Por meio da hiperpersonalização as companhias podem enviar mensagens baseadas no contexto dos clientes (lugar e hora certos) e por meio do canal correto. O marketing hiperpersonalizado junto ao marketing digital busca engajar de modo significativo e, até então incomum, uma grande base de clientes, aprofundando com cada um deles os vínculos dos relacionamentos existentes e construindo novos.

O que se espera com a implementação deste tipo de estratégia não é somente o aumento da satisfação do cliente, mas também um impulso importante na fidelidade à marca, na disposição para gastar e na eficácia geral dos reais investidos em marketing.

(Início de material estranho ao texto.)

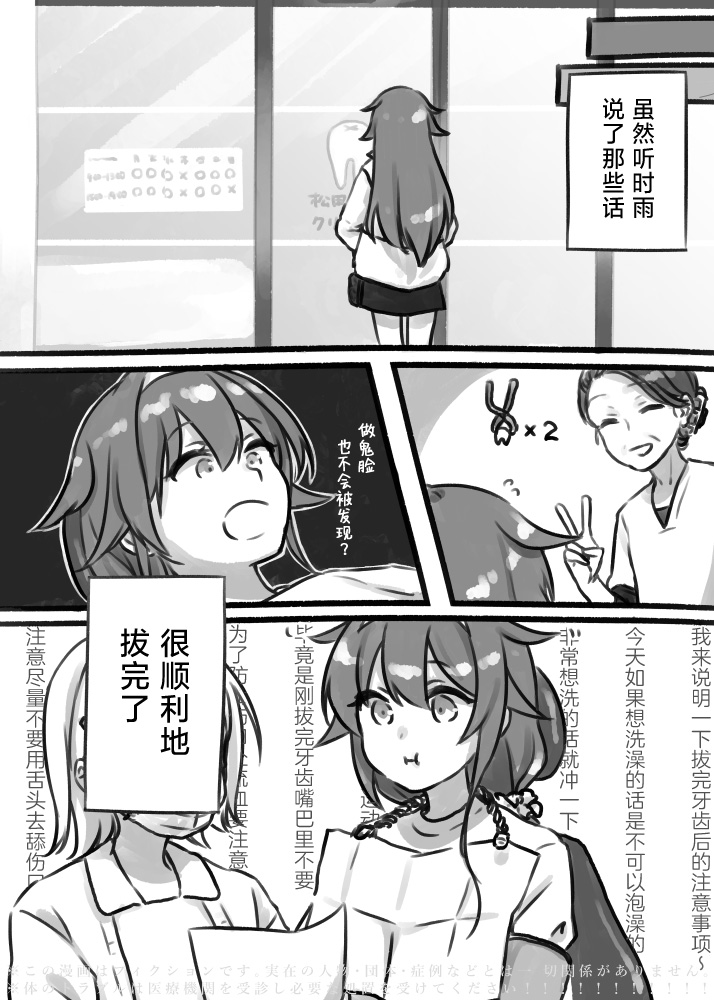 《舰娘短篇漫画集NS》漫画最新章节第281话免费下拉式在线观看章节第【2】张图片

Um estudo recente do Gartner sugere que as marcas correm o risco de perder cerca de 40% de sua base de clientes existente devido a esforços insuficientes de personalização de suas ofertas.

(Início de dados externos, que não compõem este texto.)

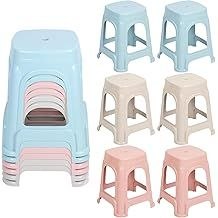 Mini Polypropylene Stool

Vejamos a seguir alguns exemplos de empresas que vêm adotando estratégias de hiperpersonalização com sucesso, mesmo que alguns cuidados sejam evitados:

Amazon

A Amazon é famosa por seu cuidado com a experiência de compra que visa nada menos que a perfeição. Duas estratégias que tomaram um bom rumo recentemente e que dialogam com o nosso tema: filtragem colaborativa e análise preditiva.

Os sistemas de avaliação e feedback da empresa americana se conectam uns aos outros para enviar itens populares em algumas categorias para compradores que podem não ter conhecimento, mas cujo comportamento, perfil e momento de vida indicam que “poderiam” se interessar.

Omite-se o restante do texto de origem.